● EXERCISE REQUIREMENTS
Without the pictures, set down everything in the listing exactly.

BEGIN SOURCE MATERIAL

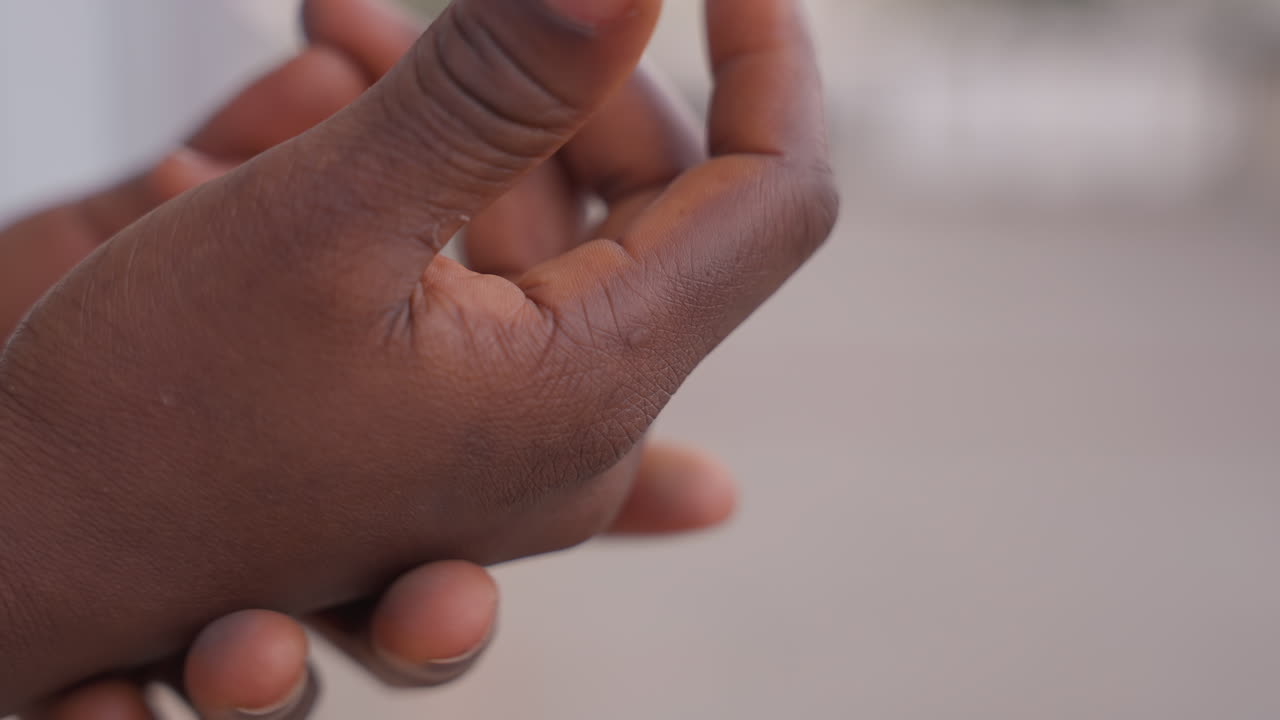 closeup black hands showing dry skin, gentle rubbing and inspection, peeling patches on knuckles, natural light, neutral background, adult black person performing calm selfcare routine, focus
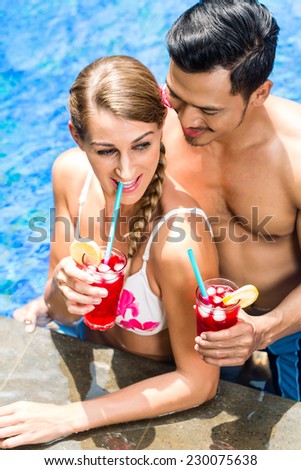 Couple in vacation, Asian man and Caucasian woman, in tropical garden bathing in hotel pool with drinks or cocktails
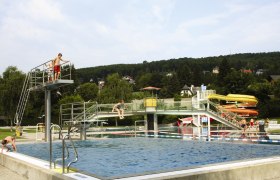 The Wienerwaldbad in Purkersdorf with swimming pool, diving tower and slides.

END SOURCE MATERIAL

● TASK RESPONSE
 closeup black hands showing dry skin, gentle rubbing and inspection, peeling patches on knuckles, natural light, neutral background, adult black person performing calm selfcare routine, focus
 Couple in vacation, Asian man and Caucasian woman, in tropical garden bathing in hotel pool with drinks or cocktails
 The Wienerwaldbad in Purkersdorf with swimming pool, diving tower and slides.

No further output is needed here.